La concentration supérieure à la moyenne de hagwons dans le quartier de Gangnam (강남구), en particulier à Daechi-dong (en), est citée comme la principale raison de l'augmentation des prix de l'immobilier dans la zone. Dans les années 1970, le gouvernement de Séoul fait déménager certaines grandes écoles dans le quartier, mais celles-ci sont cependant associées à l'entrée dans les lycées et universités d'élite. De nombreux résidents estiment que leurs enfants doivent être associés à ces écoles pour réussir dans leur vie. Comme de plus en plus de parents tentent d'emménager dans le secteur pour permettre à leurs enfants de fréquenter ces écoles, les prix de l'immobilier augmentent de 300% comparé à des quartiers similaires de Séoul[6],[27]. En 2003, le gouvernement annonce prévoir développer un centre de hagwons dans le quartier de Pangyo (en) pour soulager une partie de la pression sur Gangnam[28]. Mais après de lourdes critiques pour ne faire que déplacer le problème et ne pas le résoudre, le gouvernement annule le plan quelques semaines plus tard[29].

Professeurs d'anglais

Des anglophones sont embauchés dès 1883 en Corée, à l'origine par nécessité. Thomas Edward Hallifax est le premier enseignant à avoir été embauché par le gouvernement de Tongmunhak[9]. En raison de la préférence pour les anglophones qui enseignent l'anglais, de nombreux anglophones sont toujours embauchés pour enseigner dans les hagwons en Corée. Ces écoles peuvent autant n'enseigner que l'anglais, qu'enseigner uine multitude de matières dont l'anglais. Les exigences minimales demandées aux étrangers pour ces postes d'enseignants sont : être citoyens australiens, canadiens, irlandais, néo-zélandais, sud-africains, britanniques, ou américains, avoir un casier judiciaire vierge en Corée, et un niveau d'étude bac +3 obtenu dans l'un de ces pays[30],[31]. En échange de la signature d'un contrat d'un an, l'institut fournit à l'instructeur un salaire mensuel, un billet d'avion aller-retour pour son pays d'origine, généralement un loyer ou une allocation de logement pour la durée du contrat, et une « indemnité de départ » supplémentaire d'un mois à la fin du contrat[32].

Les propriétaires de hagwon se sont plaints du problème à trouver des enseignants vraiment qualifiés[32],[33]. Un groupe d'instructeurs anglais a formé un syndicat dans un hagwon en 2005[34].

Les hagwons à l'étranger

Le hagwon Baekdu (en), situé à Osaka au Japon.

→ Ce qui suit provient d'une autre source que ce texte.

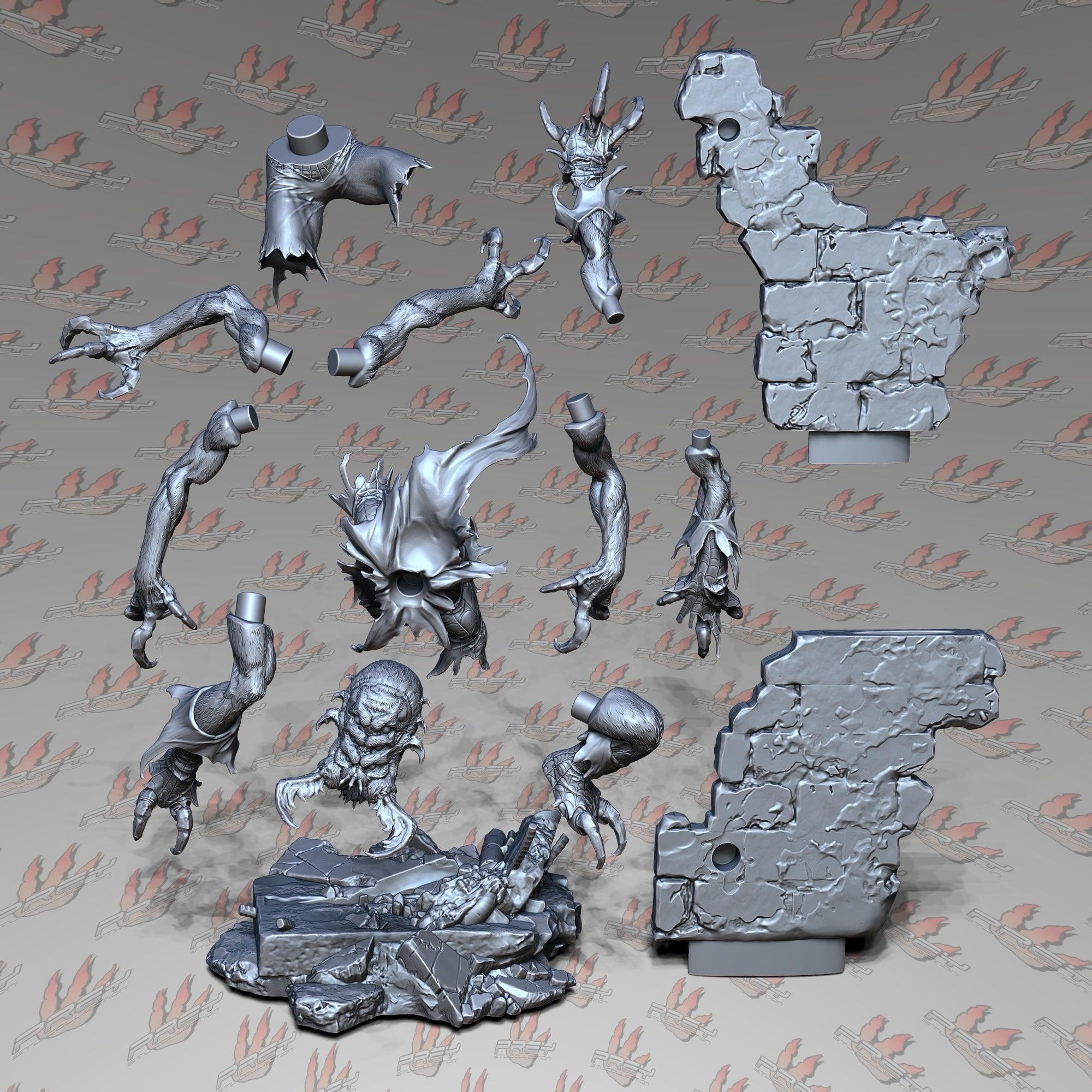 HOMBRE ARAÑA - TODO ROL SPAIN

Dans certains pays anglophones, il existe des hagwons pour les habitants d'origine coréenne. En Amérique du Nord, environ 75% des écoles privées en langue coréenne sont affiliées avec des églises[35]. En 2006, parmi les hagwons enregistrés auprès de l'Association des écoles coréennes d'Amérique, plus de 75% sont affiliés à des églises coréennes. Il existe aussi des hagwons officiels laïques et des hagwon non-officiels laïques[36]. Les hagwons sont les équivalents des écoles japonaises complémentaires (hoshūkō) par les personnes d'origine japonaise et des buxiban pour les personnes d'origine chinoises[35]. En 2010, chaque année, plus de 50 000 Coréo-Américains fréquentent les écoles de style coréen[37].

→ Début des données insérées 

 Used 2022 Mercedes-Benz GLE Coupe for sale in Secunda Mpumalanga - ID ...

Des écoles coréennes sont également ouvertes à Hawaï après 1903, lorsque la première vague d'immigration coréenne est arrivée aux États-Unis[38]. La génération moderne d'écoles secondaires coréennes est créée aux États-Unis dans les années 1970. À l'époque, elles sont des écoles de week-end qui ont pour mission de préserver l'identité coréo-américaine de leurs étudiants. Elles enseignent la langue coréenne, gèrent l'assimilation des enfants coréo-américains et offrent des programmes de tutorat après l'école. Il y a près de 500 écoles inscrites à l'Association des écoles coréennes d'Amérique à la fin des années 1980[36]. À partir des années 1990, il y a aussi des « hagwons » qui sont des programmes de préparation universitaires supplémentaires comme ceux de Corée[39].

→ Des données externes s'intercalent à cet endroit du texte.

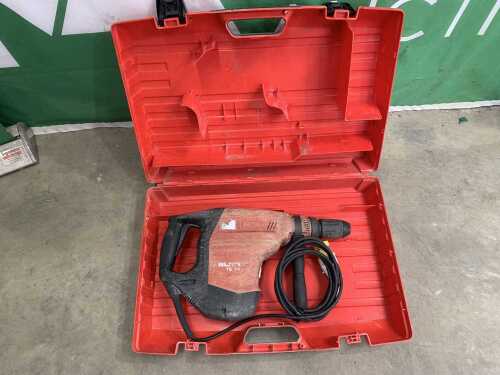 Hilti TE70-AVR 110V Rotary Hammer Drill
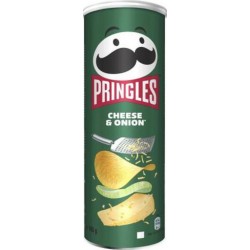 PRINGLES CHEESE&ONION 165g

Kang Hee-Ryong, auteur de la thèse La suprématie blanche, la racialisation et la politique culturelle des écoles de style coréen, écrit que ces écoles ne sont « pas simplement un moyen de contre-hégémonie contre les forces racialisantes » mais plutôt le « produit d'un compromis » entre différentes générations de Coréo-Américains[37].

Voir aussi

Bibliographie

Notes et références

  1. « L’enfer du système scolaire sud-coréen », sur canada.ca, Radio-Canada, (consulté le ).
  2. « South Koreans' Zeal for English Leads to Abuse of 'Hagwon' System. », Yonhap News, (consulté le )
  3. Herald, « 83 percent of five-year-olds in Korea go to hagwon », The Korea Herald, (lire en ligne, consulté le ).
  4. Ashley Dunn, « Cram Schools: Immigrants' Tools for Success », New York Times, (consulté le )
  5. Daniel Yi, « Using Summer to Spring Ahead for the Fall », LA Times, (consulté le )
  6. Andrei Lankov, « (509) Gangnam Fever », Korea Times, (consulté le )
  7. Kim See-bong, « Are They Criminals? », Korea Times, (consulté le )
  8. Moon Gwang-lip, « Statistics paint Korean picture », Joongang Daily, (consulté le )
  9. Andrei Lankov, « (470) Original English Boom », Korea Times, (consulté le )
  10. Casey Lartigue, « You'll Never Guess What South Korea Frowns Upon », The Washington Post, (consulté le )
  11. James Card, « Life and death exams in South Korea », Asia Times, (consulté le )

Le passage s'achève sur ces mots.